O que se sabe até agora parece ser apenas a ponta do iceberg, pois nem todos os tribunais divulgaram os salários de seus servidores e o Legislativo Federal não publicou a sua lista. Sem falar nas informações ainda não disponíveis relativas aos funcionários públicos estaduais e municipais. Só o Executivo Federal divulgou a lista completa com os salários de seus servidores, por determinação da presidente Dilma Rousseff.

Os dados sobre as remunerações dos funcionários públicos confirmam um estudo do professor Nelson Marconi, da Fundação Getúlio Vargas (FGV). Segundo o estudo, feito com base na Pesquisa Nacional por Amostra de Domicílios (Pnad), os servidores são mais bem remunerados que os trabalhadores do setor privado nas três esferas de governo, nos três níveis de escolaridade, com exceção dos funcionários municipais com curso superior.

O professor informa, em seu trabalho, que o setor privado paga mais do que o setor público apenas nas funções de alta gerência. Mas Marconi adverte que é complicado calcular a diferença de remuneração nesses cargos, pois eles são difíceis de ser identificados na Pnad e a escolha envolve uma certa dose de arbitrariedade.

Os servidores públicos possuem também o benefício da estabilidade no emprego e uma aposentadoria mais generosa do que os trabalhadores da iniciativa privada.

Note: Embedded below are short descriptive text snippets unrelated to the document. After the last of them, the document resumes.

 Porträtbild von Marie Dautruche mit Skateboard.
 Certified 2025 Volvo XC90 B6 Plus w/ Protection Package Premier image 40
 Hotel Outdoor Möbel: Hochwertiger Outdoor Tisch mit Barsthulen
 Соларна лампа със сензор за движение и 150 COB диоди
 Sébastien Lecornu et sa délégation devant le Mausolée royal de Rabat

Além disso, eles gozam de um direito de greve especial. Mesmo parando de trabalhar, continuam recebendo os seus salários integralmente, da mesma forma que aqueles que não cruzaram os braços. Não há qualquer punição.

Ao trabalhador da iniciativa privada, isso soa como algo difícil de acreditar, pois ele sabe dos riscos que corre ao fazer uma paralisação. O ex-presidente Luiz Inácio Lula da Silva, com a sua experiência de sindicalista, certa vez comparou a greve dos funcionários públicos a férias remuneradas. Por isso, no Brasil de hoje, existem trabalhadores de primeira e de segunda categoria: os servidores públicos, com todas as suas vantagens e um direito de greve especial; e os trabalhadores da iniciativa privada.

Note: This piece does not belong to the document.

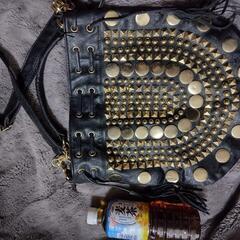 スタッズ付きバックの画像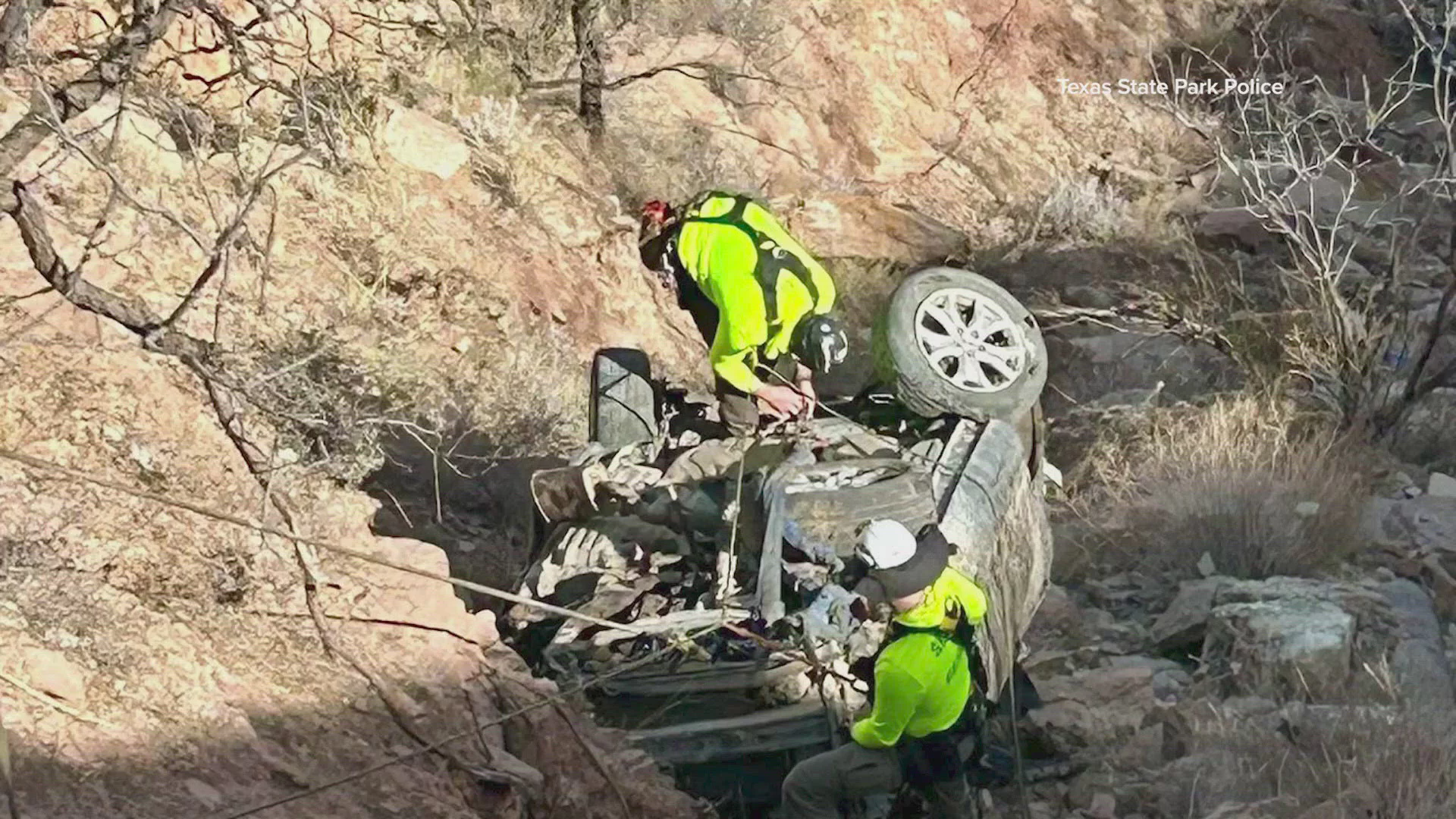 Car Plunges Off Cliff, 5 Dead: Tragedy Strikes Grand Junction Community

Os professores das universidades públicas, por exemplo, estão em greve desde o dia 17 de maio. Numerosas categorias de servidores estão em “operação padrão” e ameaçam paralisar completamente suas atividades para pressionar a presidente Dilma Rousseff a conceder aumentos salariais. Os sindicalistas trabalham para produzir uma greve geral de servidores este ano.

A ameaça de greve geral reacende duas velhas discussões no Brasil, até agora sem desfecho: a necessidade de uma política salarial para o funcionalismo – a única proposta feita pelo Executivo dorme desde 2007 nas gavetas do Congresso – e a regulamentação do direito de greve.

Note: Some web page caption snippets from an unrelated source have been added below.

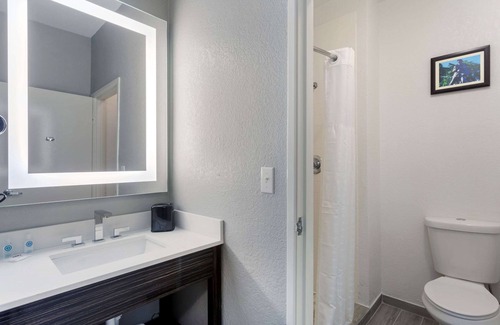 Ellendale Hotel | Comfort Inn & Suites Memphis East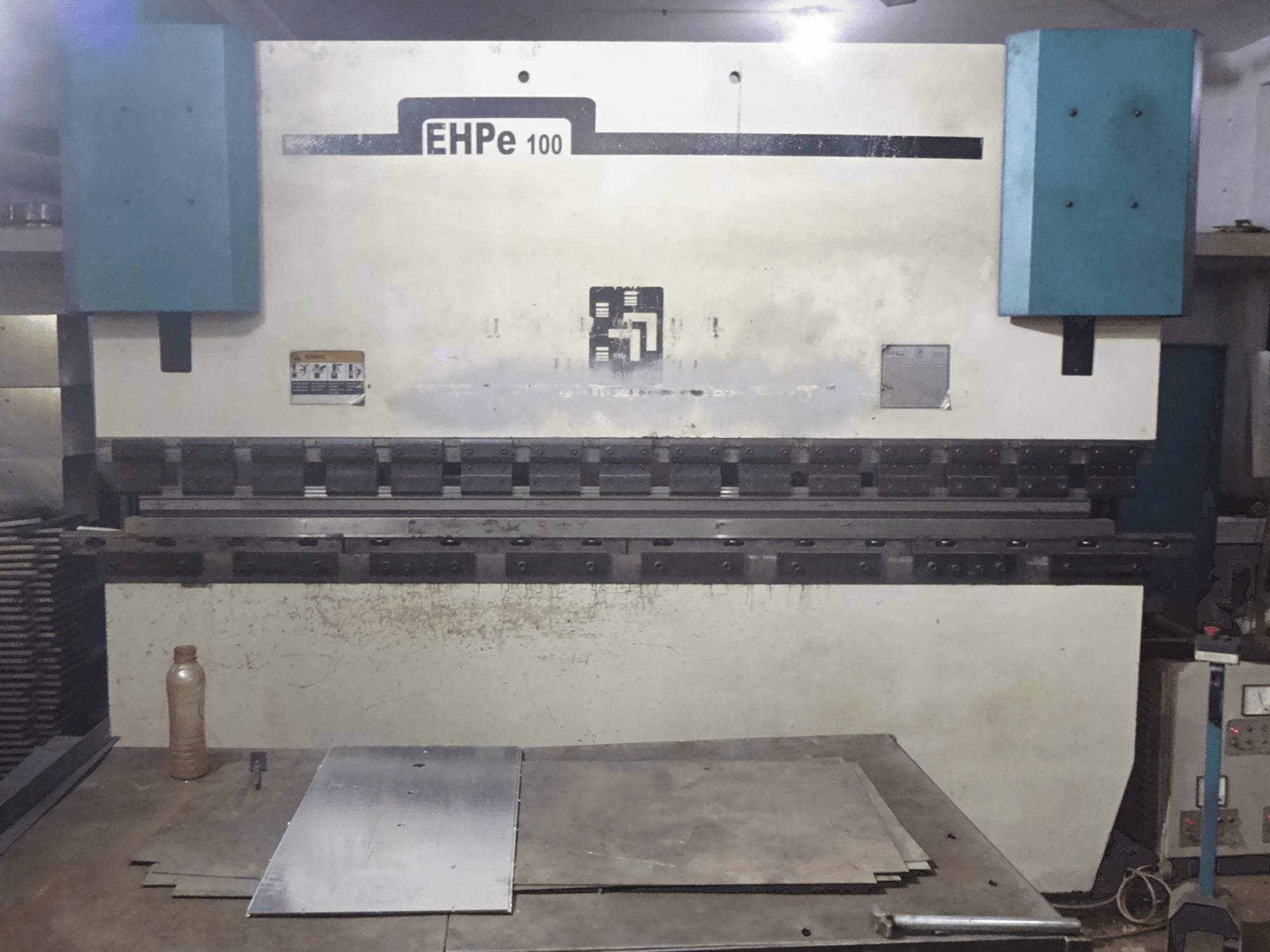 Vooraanzicht van Hindustan Hydraulics EHP E 100 machine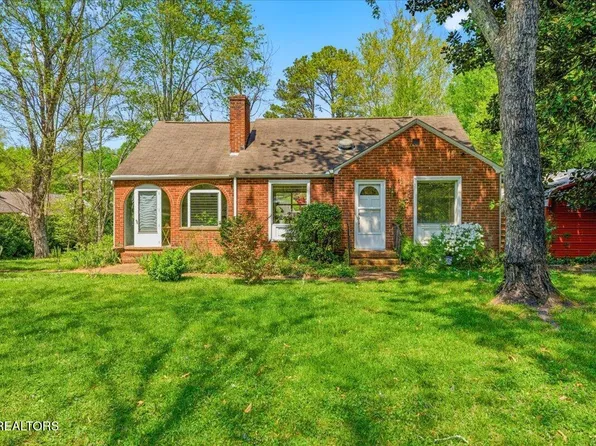 2345 Robinson Rd, Knoxville, TN 37923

O Brasil, por exemplo, é o único país entre os desenvolvidos e os emergentes que permite greve nas categorias armadas do setor público. Ainda está fresca na memória a greve dos policiais militares e bombeiros na Bahia, que ficaram 12 dias parados no início deste ano, causando grandes transtornos à população.

O Congresso Nacional não pode mais se omitir. Ele precisa enfrentar esses problemas, aprovando uma política salarial para os servidores e regulamentando o artigo 9º da Constituição de 1988, que assegura o direito de greve, definindo os serviços ou atividades essenciais, dispondo sobre o atendimento das necessidades inadiáveis da população e deixando claro que os abusos cometidos sujeitam os responsáveis às penas da lei.